The reason, I've come to believe, has a lot to do with something called "corporate personhood," a legal concept obscure to many but pervasive in its effects. It stems from the last Gilded Age when corporation lawyers argued before the Supreme Court that the Fourteenth Amendment, which was written to guarantee "equal protection of the laws" to African-Americans, should be reinterpreted to apply to corporations -- and not to blacks. It sounds crazy, but it worked. And even after we repaired the damage by applying the amendment to the African-Americans it was intended for, we've never gone back and stopped applying it to corporations. (This is too long a story to tell in a single post but for a good primer check out the documentary, The Corporation, or the book, Unequal Protection, by Air America talk show host Thom Hartmann -- full disclosure: Hartmann has said some very nice things about my own book.)

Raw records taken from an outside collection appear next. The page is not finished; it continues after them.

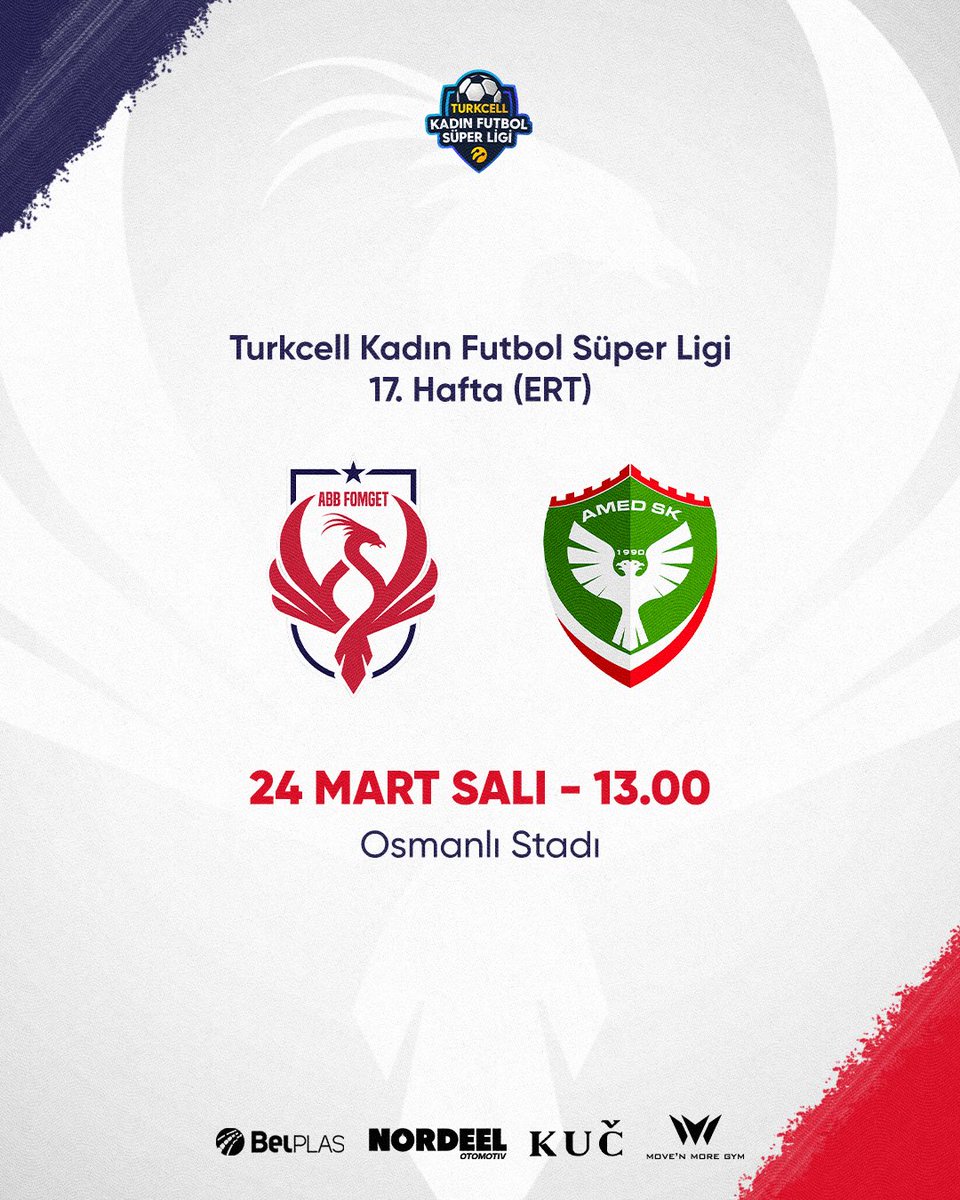 🔴🔵 HAYDİ BAŞKENT, MAÇA!

Turkcell Kadın Futbol Süper Ligi’nin 17. haftasında (Ertelenen Maç) takımımız, Osmanlı Stadı’nda Amed SK ile karşı karşıya geliyor.

Başkent’in gücünü sahaya birlikte yansıtalım! 💪🔥

📅 24 Mart Salı
⏰ 13.00
🏟️ Osmanlı Stadı
🚎 Otobüs kalkış noktası:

The doctrine of corporate personhood allows corporations to assert that they have human rights just like people -- for example, the first amendment right to free speech. That's allowed them to get law struck down that were passed by We The People to bar them from using their wealth to control our politics. For example, in the 1950s, big business got a Wisconsin law overturned which had mandated, quite sensibly, that corporations shouldn't be able to buy influence by giving money to political parties or candidates. More recently, the Supreme Court applied the same logic to scale back federal campaign finance reform.

That means corporations are allowed to lobby "their" representatives in congress as if they were people. But unlike people, they are legally bound to look after their own narrow self-interest. People pursue politics as citizens -- with concerns not just for themselves but for the nation, the environment, and for social justice. That's why someone like Warren Buffett argues as a citizen that his taxes ought to go up. It's not in his narrow self-interest, but he understands it is in the interest of the country and in the interest of basic fairness. But corporations have a fiduciary responsibility to maximize profits even if it means betraying the nation, trashing the environment, or fomenting unconscionable levels of inequality. Nothing is unconscionable for a corporation because they don't have consciences; they're not really people, whatever the courts may say. Ironically, with this state of affairs there are surely scores of corporations in which Warren Buffett is the leading shareholder that have actively lobbied to cut the very capital gains taxes he believes should be raised.

That's how plutocracy works. Even if you convince the people -- and even if you convince the plutocrats -- that we need reform, there are wealthy, powerful non-human forces that will thwart those reforms.

So if things don't get better soon, don't blame the plutocrats. A lot of them are on our side. Rather, if nothing changes, blame -- and change -- the system.